The Lagos State House of Assembly has approved Governor Babajide Sanwo-Olu’s request for N85 billion Special Dispensation Bond to finance capital projects in the state.
The Chairman, House Committee on Finance, Rotimi Olowo, disclosed the approval to the House of Assembly correspondents on Tuesday in Lagos.
Mr Olowo (Somolu 1)said the request from the governor had two aspects: the first was request for an approval for a Bond Bridge Loan which would allow the state to access the bond market as soon as possible.
He added that the second was a loan from a commercial bank at the interest rate of 9.25 per cent, which, he said, was very cheap.
Mr Olowo said the House speedily approved the governor’s request since it was for the implementation of infrastructure development in the state.
The lawmaker said there could not be a better time than now for the state to go for the bond market which he called “Special Dispensation Bond.”
He explained that as of February this year, the Federal Government went to bond market at coupon rate of 12 per cent.
He noted that by June this year, it had increased to 13.5 per cent.
Mr Olowo recalled that the state government had in 2016 and 2017 secured bonds for between 16.6 per cent and 17.25 per cent.
The lawmaker said the opportunity the market provided at present was enough for the state to access the bond at a cheaper rate since the current bond of the state would mature in 2024.
He said: “When you look at our Consolidation Debt Service Account (CDSA), we have about N22 billion and we are talking N101.2 billion in the next two or three years.
“It will amount to a lot of pressure on our debt obligation, so what we thought is necessary to quickly access the bond market with the approval of the House so that we can get it at cheaper rate and it will be for 10 years with two years moratorium.

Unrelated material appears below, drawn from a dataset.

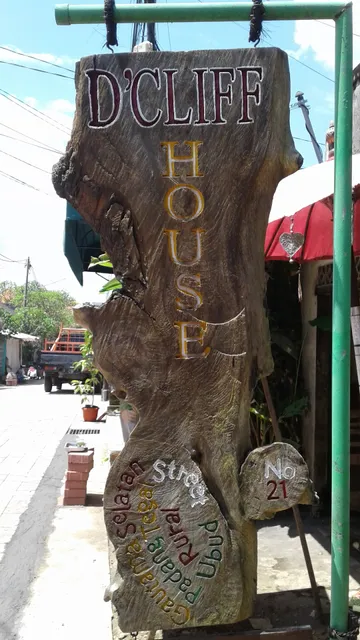 D'CLIFF HOUSE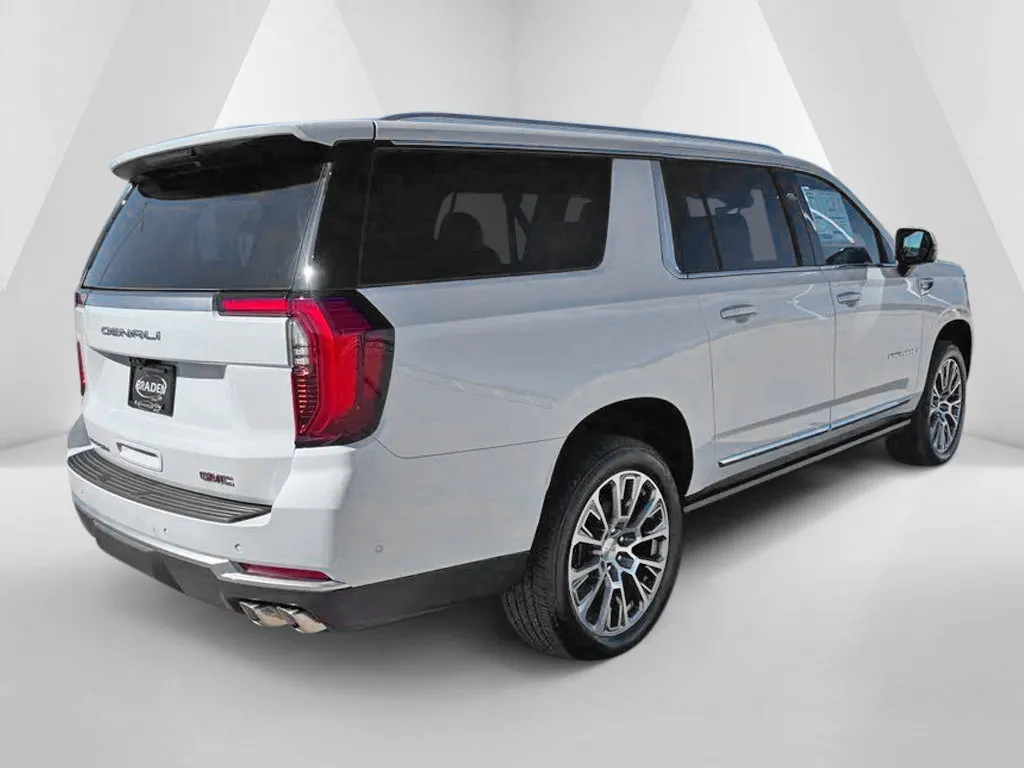 GMC Yukon XL photo 7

“What it means is that, in the next two years after securing the bond, we will not pay any money. We will not pay the interest and the capital, it will be like tax holiday. It will relieve the state the burden of sourcing for money to pay the creditors.
“On the second aspect, if today we don’t access the commercial loan from one of the banks at a single digit rate of 9.25 per cent, we will be losing because we will still have to pay the holders of the bond between now and the next months.
“That means we will have been able to save money worth an average of N1.5 billion in form of seeking fund to be able to make up to 2023,” Mr Olowo said.
The lawmaker noted that if the state did not pay in the next three years, it means that it had gotten a saving of about N75 billion.